The time of the reign of Grandmaster Didier de Saint-Jaille (XIV-XV centuries) is unknown.

The Hospitaller's hallmark is the white eight-pointed cross, also known as the Maltese cross, on a black cloak. Later, from about the middle of the 12th century, a white eight-pointed cross is worn on the chest on a red supervest (a cloth vest that repeats the cut of a metal cuirass and is worn over or instead of a cuirass).

In the picture on the right, an officer of the Cavalry Regiment of the Russian Army in 1800 in a red supervest with a white Maltese cross ("the guard attached to the Grand Master"). Russian Emperor Paul I in 1798-1801 was the Grand Master of the Order of Malta.

By the early Middle Ages, Jerusalem had become a major pilgrimage site for Christians, although the hardships faced by travelers through a country of perpetual confusion, divided by wars and quarreling local leaders, combined with a long voyage across a sea filled with pirates and marauders, made this undertaking extremely dangerous.

And in the Holy Land there were almost no Christian organizations capable of providing lodging, medical care, food for the pilgrims, who, moreover, were often captured by local residents in order to obtain a ransom.

Different historical sources give different dates regarding the exact time of the birth of the Order. According to some sources, in 1070 (25 years before the First Crusade) the noble knight Gerard (Gerard?) Founded a sacred brotherhood at the already existing Hospice House in Jerusalem, which took care of Christian pilgrims. According to another version, this happened in 1080 and the founder was not a knight ..

The historian Guy Stair Sainty, today's official historiographer of the Teutonic Order, claims that most historians agree that a certain Gerard Beatified (Gerard the Blessed) hails from the city of Martigues that in the French province of Provence at the time of the capture of Jerusalem by the crusaders on July 15, 1099 was already the Rector (Rector) or the Master of the Hospital in Jerusalem.

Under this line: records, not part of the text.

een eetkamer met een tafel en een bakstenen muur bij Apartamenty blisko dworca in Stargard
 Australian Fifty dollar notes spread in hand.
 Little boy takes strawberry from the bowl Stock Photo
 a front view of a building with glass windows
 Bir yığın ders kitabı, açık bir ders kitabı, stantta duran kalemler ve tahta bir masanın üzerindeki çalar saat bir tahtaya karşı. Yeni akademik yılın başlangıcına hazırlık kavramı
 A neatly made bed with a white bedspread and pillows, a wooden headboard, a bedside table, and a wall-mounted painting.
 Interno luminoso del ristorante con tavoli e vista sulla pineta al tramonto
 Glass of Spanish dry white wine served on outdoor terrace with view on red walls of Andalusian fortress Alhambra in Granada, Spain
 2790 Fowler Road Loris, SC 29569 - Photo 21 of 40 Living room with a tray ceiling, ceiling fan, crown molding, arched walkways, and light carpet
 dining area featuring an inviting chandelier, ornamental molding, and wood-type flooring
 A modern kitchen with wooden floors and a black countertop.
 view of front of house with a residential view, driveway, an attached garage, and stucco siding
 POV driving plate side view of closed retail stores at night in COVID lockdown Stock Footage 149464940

From the author. The term "hospital", which is understood today by everyone as a military hospital or a hospital for the wounded in war, and is understood only as a purely medical institution, in those days meant a much broader concept. The Latin word "gospital" is translated as "guest". We can say that the Hospital of that time is a hotel or shelter, where the traveler can receive the whole range of services that he needs (accommodation, food, treatment, rest, protection, security, religious requirements), and to a large extent free of charge.

During the reign of Gerard, the Hospital was a purely peaceful organization. The number of beds in the hospital reached 2 thousand. The methods of the then advanced Arab medicine were used. He created the first Statutes of the Hospital, which was simply amazing for that time, characterized by the absence of any rules and regulations.

The clipping of the Jerusalem plan shows the Hospital in red.

The hospital was located near the Church of Saint John the Baptist and close to the Church of the Holy Sepulcher and the Abbey of Santa Maria Latina.

The hospital was organized in two departments - one for men dedicated to Saint John, the other (for women) dedicated to Mary Magdalen and both departments were originally under the authority of the Abbot of Santa Maria Latina.

Assistance was provided to the wounded and sick of all faiths, which brought the Hospital a lot of income from grateful patients and allowed the Hospital to become independent from the Benedictine Abbot, soon after the city was taken by the Crusaders. With independence, the Hospital abandoned the worship of Saint Benedict in favor of Saint Augustine.

In 1107, the then Christian king of Jerusalem, Baldwin I, formally established the monastic Brotherhood and secured the land on which the Hospital was located.

The picture shows a panorama of modern Jerusalem with a view of the Church of the Holy Sepulcher and the place where the Hospital was located.

Under Gerard's leadership, the brothers formed themselves into a religious brotherhood, taking solemn vows of poverty, chastity, and obedience.

To symbolize their rejection of everything worldly, they chose a uniform of simple clothing and a white cross, which later became eight-pointed as a symbol of the eight beatitudes.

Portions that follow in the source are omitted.